*EXERCISE OBJECTIVE:* Once "Fire safety concerns" turns up in a line below, reproduce that line and those after it exactly, stopping after the line with "Renoviert, bezugsfrei, stilvoll: 2-Zimmer-Wohnung"; leave pictures out.

*DATASET CONTENT:*

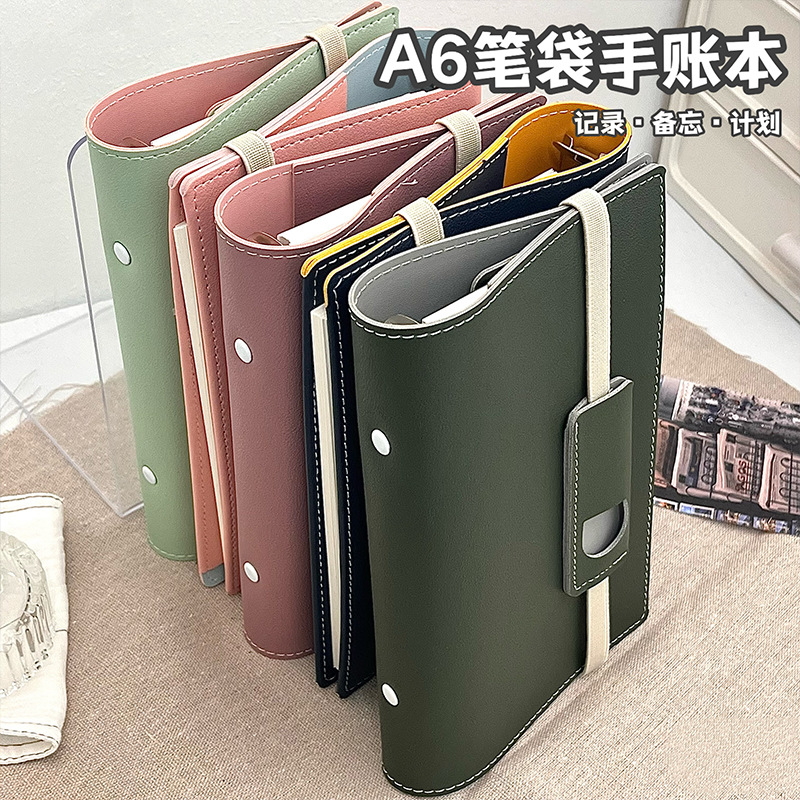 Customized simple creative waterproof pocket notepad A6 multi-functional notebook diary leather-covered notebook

...

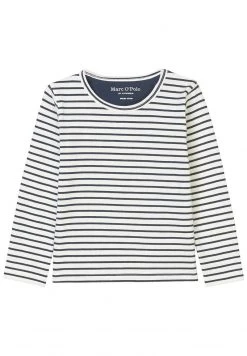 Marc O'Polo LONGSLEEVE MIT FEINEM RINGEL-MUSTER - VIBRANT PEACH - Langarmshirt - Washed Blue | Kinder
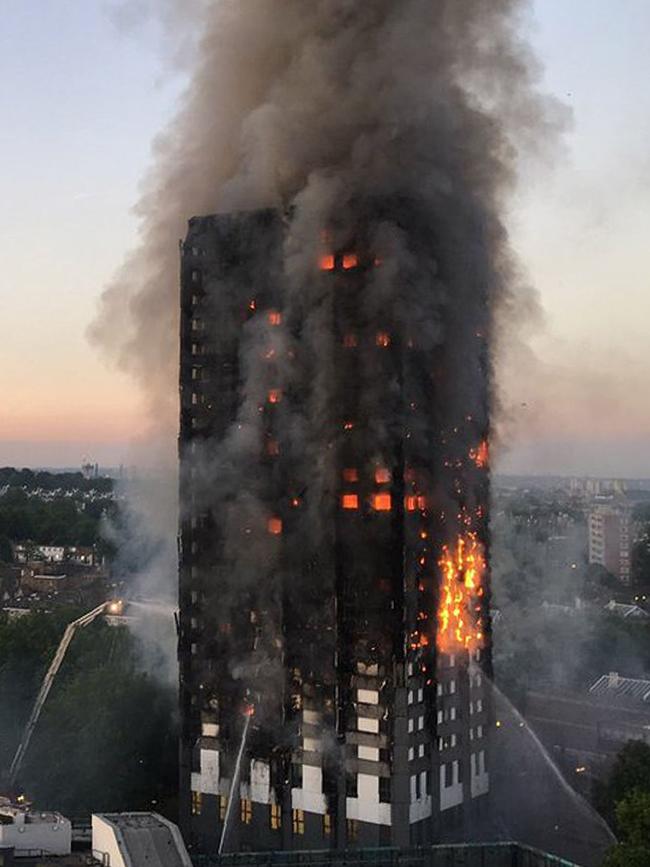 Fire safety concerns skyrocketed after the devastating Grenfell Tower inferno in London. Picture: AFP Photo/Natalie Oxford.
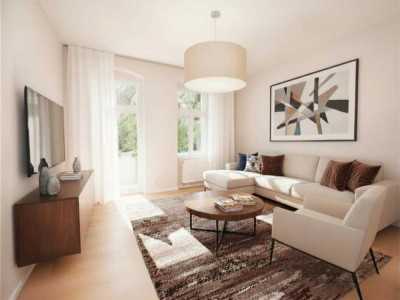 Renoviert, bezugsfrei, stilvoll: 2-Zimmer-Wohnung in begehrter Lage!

*ANSWER FOR THIS EXERCISE:*
 Fire safety concerns skyrocketed after the devastating Grenfell Tower inferno in London. Picture: AFP Photo/Natalie Oxford.
 Renoviert, bezugsfrei, stilvoll: 2-Zimmer-Wohnung in begehrter Lage!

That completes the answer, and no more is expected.